Databases — Redis HA Sentinel + CloudNativePG PostgreSQL

This document covers the two stateful data stores deployed in the lumen airgap cluster.

Redis HA Sentinel

Architecture

lumen namespace
  ├── redis-master-0      (node-1, PVC 1Gi)   ← writes
  ├── redis-replica-0     (node-2)             ← reads
  └── redis-sentinel-{0,1,2}                  ← leader election (quorum=2)

1 master + 1 replica + 3 sentinels — tolerates 1 node failure
Sentinels use quorum=2 to elect a new master if the current one is unreachable
lumen-api connects via go-redis/v9 NewFailoverClient — discovers master automatically via sentinels

Connection (lumen-api)

REDIS_MODE=sentinel
REDIS_SENTINEL_ADDRS=redis-sentinel.lumen.svc.cluster.local:26379
REDIS_MASTER_NAME=mymaster

Failover behaviour

master pod dies
  → sentinels detect unavailability (within ~5s)
  → quorum reached (2/3 sentinels agree)
  → replica promoted to master
  → lumen-api reconnects automatically via sentinel
  → downtime < 10 seconds

Manifests

02-redis.yaml

CloudNativePG — PostgreSQL Cluster

Why CloudNativePG?

CNPG is a Kubernetes-native operator (CNCF sandbox) that manages PostgreSQL clusters as CRDs. Key advantages over a plain StatefulSet:

Automatic master election and failover (Raft-based, quorum voting)
Two distinct services: -rw (master only) and -ro (replicas) for read/write splitting
Auto-generated credentials in a Secret (lumen-db-app)
Prometheus metrics via a manually managed PodMonitor (port 9187)
WAL archiving support for backups

Architecture

lumen namespace
  ├── lumen-db-N   (master  — lumen-db-rw → port 5432)
  ├── lumen-db-N   (replica — lumen-db-ro → port 5432)
  └── lumen-db-N   (witness — vote only, no data)

cnpg-system namespace
  └── cnpg-controller-manager   (operator)

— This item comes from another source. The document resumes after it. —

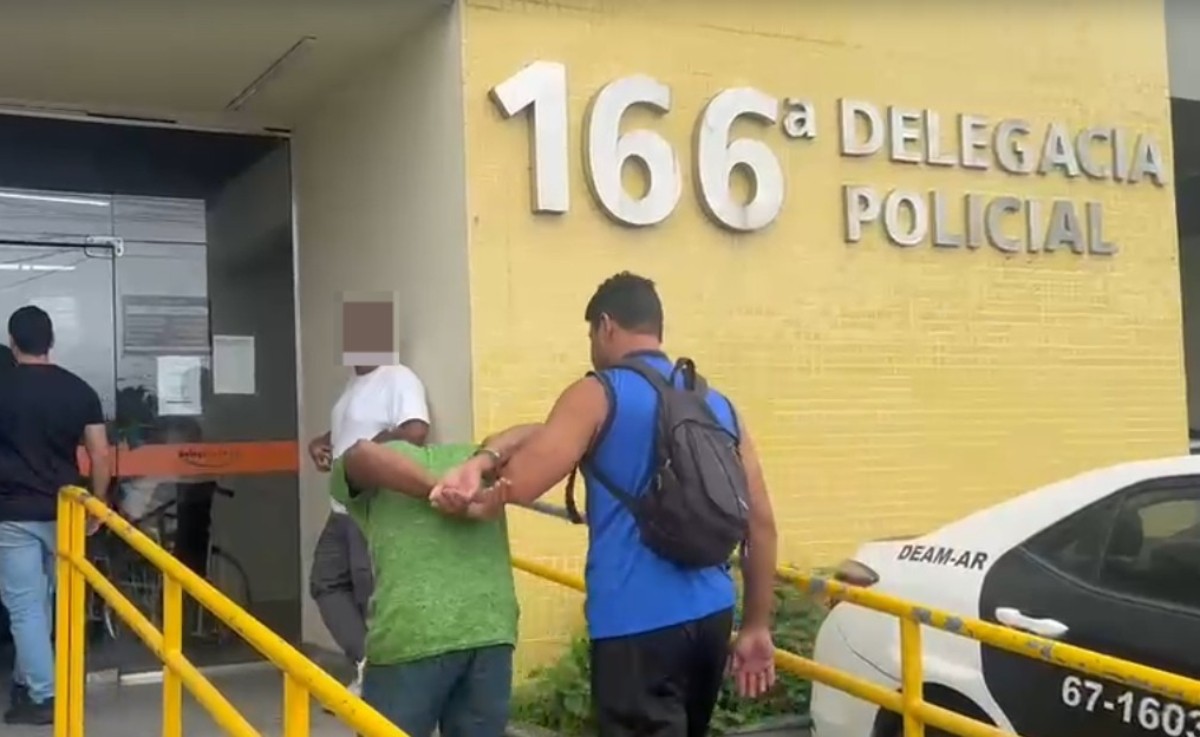 Condenado por matar morador de rua a pedradas é preso em Paraty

Pod names use dynamic numbering (e.g. lumen-db-4, lumen-db-5). After a failover or PVC recreation the index increments — use kubectl get pods -n lumen -l cnpg.io/cluster=lumen-db to find the current primary.

Quorum:

3 instances → quorum = 2 → tolerates 1 failure
master fails → replica + witness vote → replica promoted → downtime < 30s

Why 1 witness instead of 3 full replicas?

With only 2 nodes (master + replica), if the master becomes unreachable, the replica can't know if it's truly dead or just partitioned — risk of split-brain (both claim to be master → data corruption). The witness is a lightweight 3rd voter (~50MB RAM, no data) that breaks the tie safely.

Services

Service	Target	Usage
`lumen-db-rw`	Current master	Writes (INSERT, UPDATE, DELETE)
`lumen-db-ro`	Replicas	Reads (SELECT)
`lumen-db-r`	Any instance	Internal CNPG use

Read/Write Splitting (lumen-api)

lumen-api maintains two separate connection pools:

// store/postgres.go
type PostgresStore struct {
    rw *pgxpool.Pool  // → lumen-db-rw:5432 (writes)
    ro *pgxpool.Pool  // → lumen-db-ro:5432  (reads)
}

Routes:

POST /items, DELETE /items/{id} → rw pool
GET /items, GET /items/{id} → ro pool

Connection (lumen-api)

Credentials are auto-generated by CNPG in Secret lumen-db-app:

# Deployment env vars
- name: PG_RW_DSN
  value: "postgresql://$(PG_USER):$(PG_PASSWORD)@lumen-db-rw.lumen.svc.cluster.local:5432/$(PG_DBNAME)"
- name: PG_RO_DSN
  value: "postgresql://$(PG_USER):$(PG_PASSWORD)@lumen-db-ro.lumen.svc.cluster.local:5432/$(PG_DBNAME)"

Failover behaviour

lumen-db-N (master) pod deleted
  → CNPG operator detects loss
  → replica + witness vote (quorum=2 ✅)
  → replica promoted to master
  → lumen-db-rw service endpoint updated automatically
  → lumen-api reconnects (pgxpool retries)
  → downtime < 30 seconds

Tested: deleting the primary pod triggers automatic promotion in ~30s.

Airgap deployment

Images used (from internal registry 192.168.2.2:5000):

192.168.2.2:5000/cloudnative-pg:1.25.1 — operator
192.168.2.2:5000/postgresql:16.6 — PostgreSQL instances

Install script: install-cnpg.sh

Known constraint with kube-router (k3s built-in NetworkPolicy controller): CNPG instance manager must reach the K8s API server (10.43.0.1:443 ClusterIP). kube-router does not evaluate ipBlock NetworkPolicy rules for ClusterIP destinations (traffic is rewritten by iptables DNAT before NetworkPolicy is evaluated). The workaround is to allow all TCP egress for CNPG pods in the allow-cnpg-intracluster NetworkPolicy.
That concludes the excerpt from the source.